– С точки зрения объективной генеалогии, дорогая, так и есть, но сейчас Грешемы занимают в графстве значительно более высокое положение, чем Торны.
– Но обе семьи принадлежат к одному классу, ведь так?
– Да, конечно. Уилфред Торн из Уллаторна и наш друг сквайр стоят на одной ступеньке лестницы тщеславия.
– Значит, и мы с Августой Грешем также принадлежим к одному классу?
– Право, Минни, вряд ли тебе удастся заставить меня, сельского доктора, похвастаться равенством со сквайром.
– Ты увиливаешь от ответа. Наверняка понимаешь, что я имею в виду. Имею ли я право называть Торнов из Уллаторна родственниками?

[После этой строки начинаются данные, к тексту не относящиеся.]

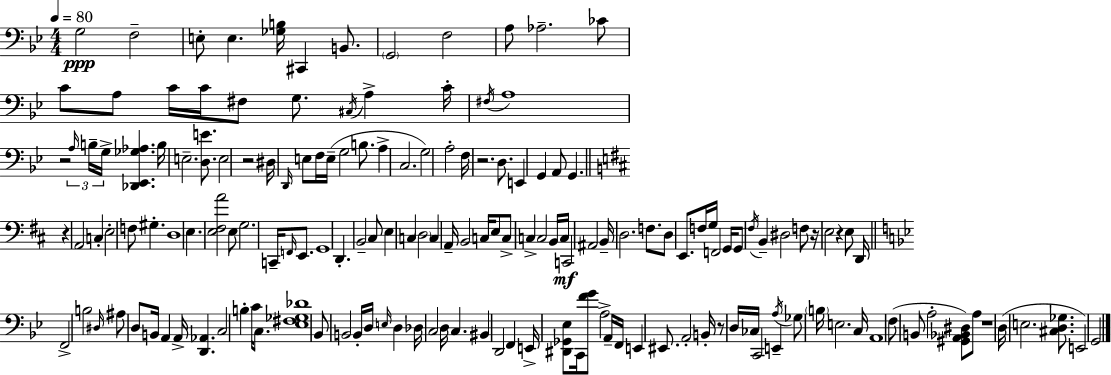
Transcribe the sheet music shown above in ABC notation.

X:1
T:Untitled
M:4/4
L:1/4
K:Bb
G,2 F,2 E,/2 E, [_G,B,]/4 ^C,, B,,/2 G,,2 F,2 A,/2 _A,2 _C/2 C/2 A,/2 C/4 C/4 ^F,/2 G,/2 ^C,/4 A, C/4 ^F,/4 A,4 z2 A,/4 B,/4 G,/4 [_D,,_E,,_G,_A,] B,/4 E,2 [D,E]/2 E,2 z2 ^D,/4 D,,/4 E,/2 F,/4 E,/4 G,2 B,/2 A, C,2 G,2 A,2 F,/4 z2 D,/2 E,, G,, A,,/2 G,, z A,,2 C, E,2 F,/2 ^G, D,4 E, [E,^F,A]2 E,/2 G,2 C,,/4 F,,/4 E,,/2 G,,4 D,, B,,2 ^C,/2 E, C, D,2 C, A,,/4 B,,2 C,/4 E,/2 C,/2 C, C,2 B,,/4 C,/4 C,,2 ^A,,2 B,,/4 D,2 F,/2 D,/2 E,,/2 F,/4 G,/4 F,,2 G,,/4 G,,/2 ^F,/4 B,, ^D,2 F,/2 z/4 E,2 z E,/2 D,,/4 F,,2 B,2 ^D,/4 ^A,/2 D,/2 B,,/4 A,, A,,/4 [D,,_A,,] C,2 B, C/4 C,/2 [_E,^F,_G,_D]4 _B,,/2 B,,2 B,,/4 D,/4 E,/4 D, _D,/4 C,2 D,/4 C, ^B,, D,,2 F,, E,,/4 [^D,,_G,,_E,]/2 C,,/4 [FG]/2 A,2 A,,/4 F,,/4 E,, ^E,,/2 A,,2 B,,/4 z/2 D,/4 _C,/4 C,,2 E,, A,/4 _G,/2 B,/4 E,2 C,/4 A,,4 F,/2 B,,/2 A,2 [^G,,A,,_B,,^D,]/2 A,/2 z4 D,/4 E,2 [^C,D,_G,]/2 E,,2 G,,2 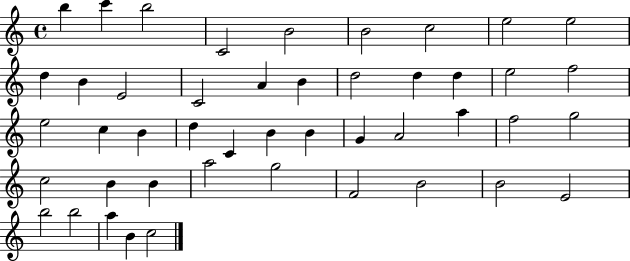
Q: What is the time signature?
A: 4/4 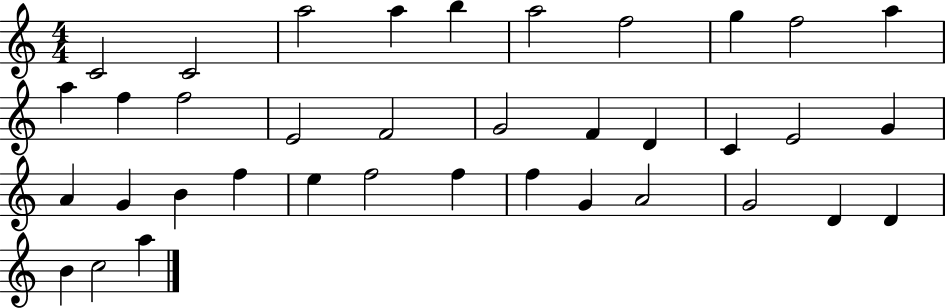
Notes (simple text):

C4/h C4/h A5/h A5/q B5/q A5/h F5/h G5/q F5/h A5/q A5/q F5/q F5/h E4/h F4/h G4/h F4/q D4/q C4/q E4/h G4/q A4/q G4/q B4/q F5/q E5/q F5/h F5/q F5/q G4/q A4/h G4/h D4/q D4/q B4/q C5/h A5/q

– Мэри, Мэри, Мэри! – воскликнул доктор после минутного молчания. – Будь добра, избавь меня от таких сложных разговоров!
– Не могу тебе этого обещать.
– Лучше бы ты все-таки смогла!
– Все, дядюшка, ты дал ответ: больше не стану терзать тебя расспросами. Дорогой, милый, любимый! Теперь мне нужно любить тебя еще больше, и стала бы любить, если бы это было возможно. Кем бы я была без тебя? Что бы делала на свете?
Девушка бросилась доктору на грудь, обхватила руками за шею и принялась целовать в лоб, щеки, губы.
В тот вечер больше они эту тему не затрагивали. Мэри не задавала вопросов, а доктор не спешил делиться познаниями. Если бы осмелилась, девушка спросила бы о своей матери, но из страха услышать что-нибудь ужасное не спросила. О том, что ее отец – брат доктора, Мэри уже знала. Как ни мало доводилось ей слышать о родственниках, как ни редко доктор заговаривал в ее присутствии на опасную тему, девушка твердо запомнила, что она – дочь Генри Торна, младшего сына старого пребендария, об этом узнала случайно, но никто и никогда и словом не обмолвился о матери, даже доктор. Вспоминая юность, говорил он только о брате, их родителях. Мэри не обрадовало известие, что она не считается родственницей Торнов из Уллаторна, во всяком случае, с общепринятой точки зрения, да и любимого дядюшку может считать таковым только с его особого милостивого позволения.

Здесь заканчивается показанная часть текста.